───── The input
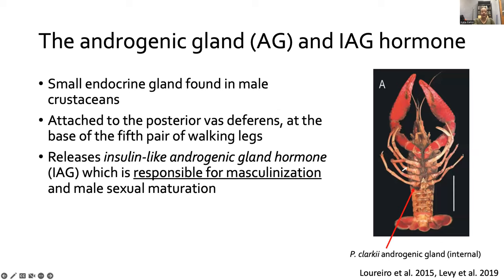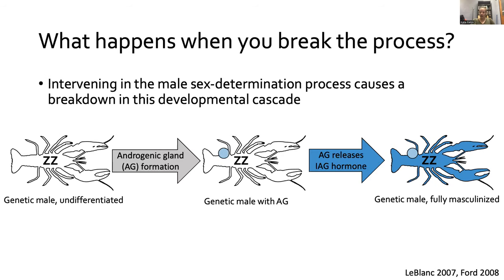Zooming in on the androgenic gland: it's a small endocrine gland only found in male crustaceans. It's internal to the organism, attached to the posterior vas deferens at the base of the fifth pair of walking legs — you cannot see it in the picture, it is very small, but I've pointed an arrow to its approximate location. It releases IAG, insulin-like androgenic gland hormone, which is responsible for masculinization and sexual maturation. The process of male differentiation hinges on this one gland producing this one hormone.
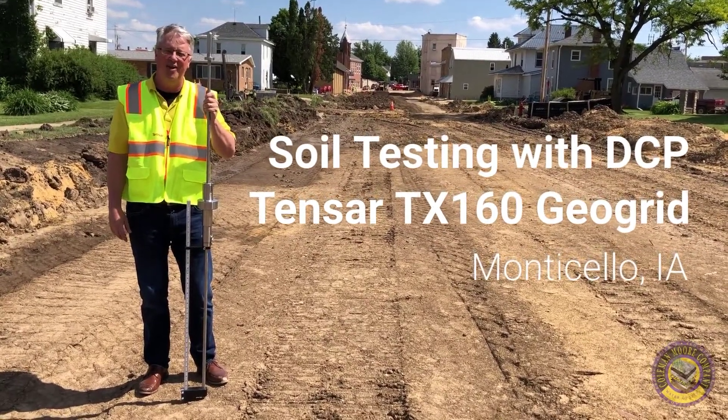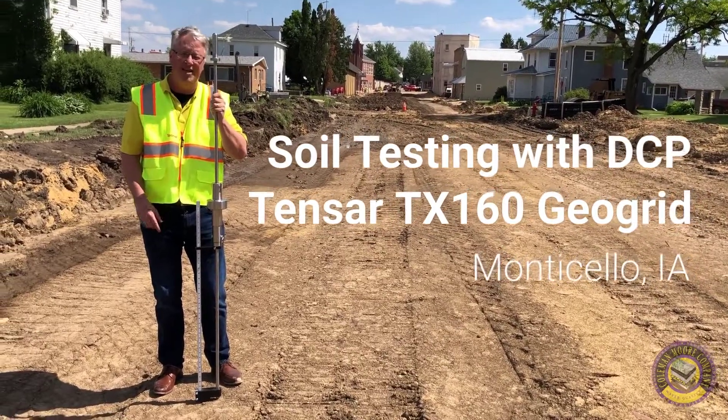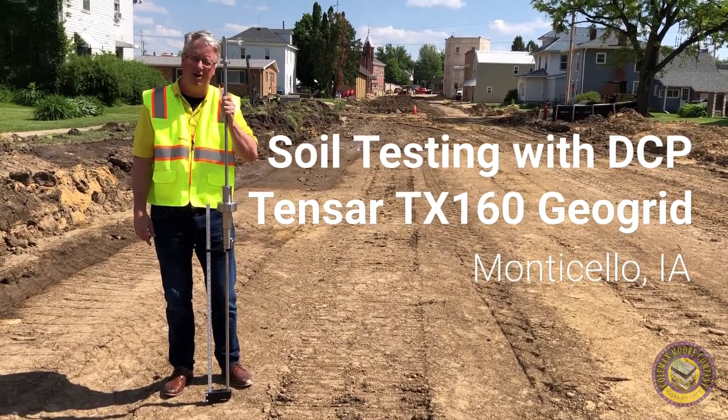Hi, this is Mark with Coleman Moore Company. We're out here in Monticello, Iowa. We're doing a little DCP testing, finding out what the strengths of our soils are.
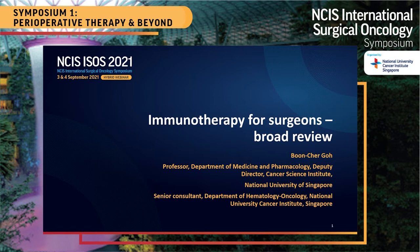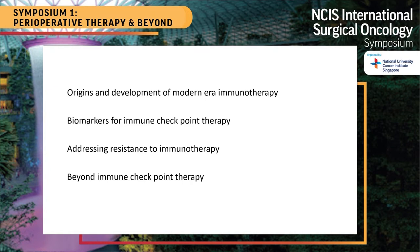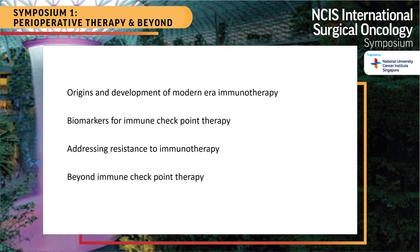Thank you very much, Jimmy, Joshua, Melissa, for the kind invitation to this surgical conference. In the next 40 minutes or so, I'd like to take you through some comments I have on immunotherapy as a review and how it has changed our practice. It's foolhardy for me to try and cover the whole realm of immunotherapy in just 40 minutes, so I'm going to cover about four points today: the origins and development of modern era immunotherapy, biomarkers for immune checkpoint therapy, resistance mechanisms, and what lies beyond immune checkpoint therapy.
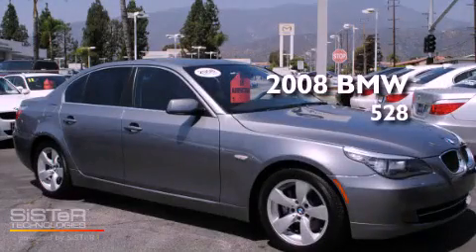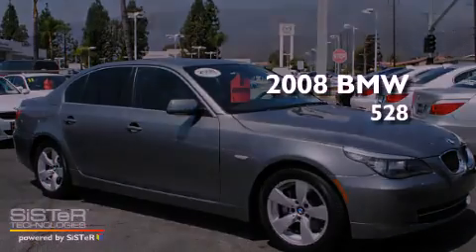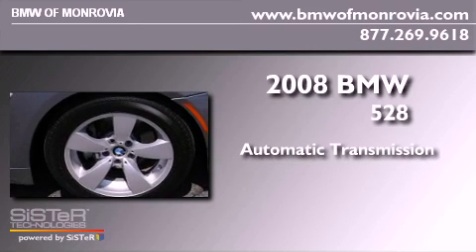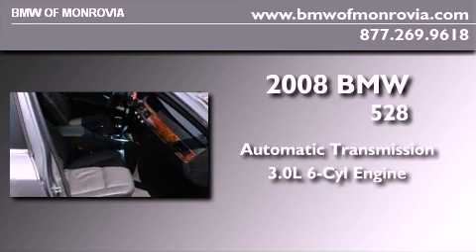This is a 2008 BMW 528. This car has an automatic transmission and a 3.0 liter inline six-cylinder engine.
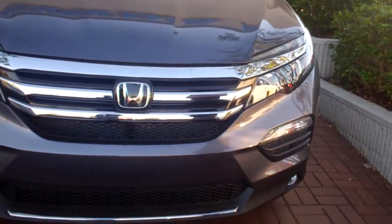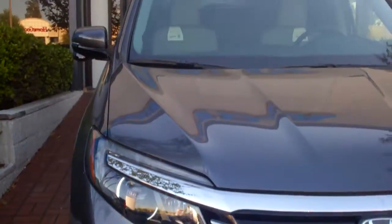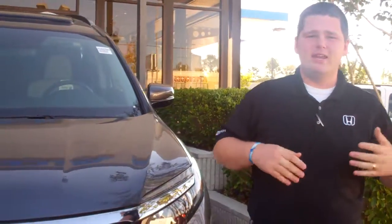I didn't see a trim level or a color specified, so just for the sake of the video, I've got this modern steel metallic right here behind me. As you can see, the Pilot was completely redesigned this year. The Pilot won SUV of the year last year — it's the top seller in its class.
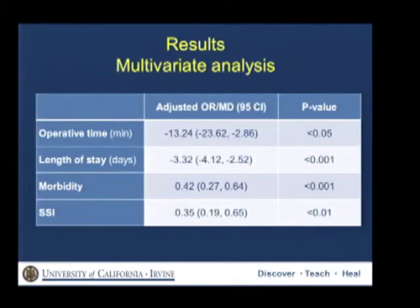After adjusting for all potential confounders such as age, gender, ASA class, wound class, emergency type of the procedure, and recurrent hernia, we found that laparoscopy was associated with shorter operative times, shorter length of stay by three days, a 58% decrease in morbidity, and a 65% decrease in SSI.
──────────
───── The input
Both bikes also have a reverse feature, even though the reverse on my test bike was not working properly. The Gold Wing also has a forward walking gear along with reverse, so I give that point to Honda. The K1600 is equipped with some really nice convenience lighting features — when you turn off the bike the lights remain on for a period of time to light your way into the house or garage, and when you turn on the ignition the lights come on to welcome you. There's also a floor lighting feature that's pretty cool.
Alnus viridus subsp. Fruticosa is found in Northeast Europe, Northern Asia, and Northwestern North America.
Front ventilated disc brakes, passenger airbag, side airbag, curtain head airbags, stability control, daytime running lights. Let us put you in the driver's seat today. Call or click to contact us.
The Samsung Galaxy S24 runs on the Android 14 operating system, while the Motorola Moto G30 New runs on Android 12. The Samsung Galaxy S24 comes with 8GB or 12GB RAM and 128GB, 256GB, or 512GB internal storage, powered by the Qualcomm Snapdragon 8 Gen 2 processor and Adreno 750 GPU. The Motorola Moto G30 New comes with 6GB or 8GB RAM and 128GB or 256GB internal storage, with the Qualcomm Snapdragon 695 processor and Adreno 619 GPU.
──────────
The lines to return are those in the material above that hold "lights".

Both bikes also have a reverse feature, even though the reverse on my test bike was not working properly. The Gold Wing also has a forward walking gear along with reverse, so I give that point to Honda. The K1600 is equipped with some really nice convenience lighting features — when you turn off the bike the lights remain on for a period of time to light your way into the house or garage, and when you turn on the ignition the lights come on to welcome you. There's also a floor lighting feature that's pretty cool.
Front ventilated disc brakes, passenger airbag, side airbag, curtain head airbags, stability control, daytime running lights. Let us put you in the driver's seat today. Call or click to contact us.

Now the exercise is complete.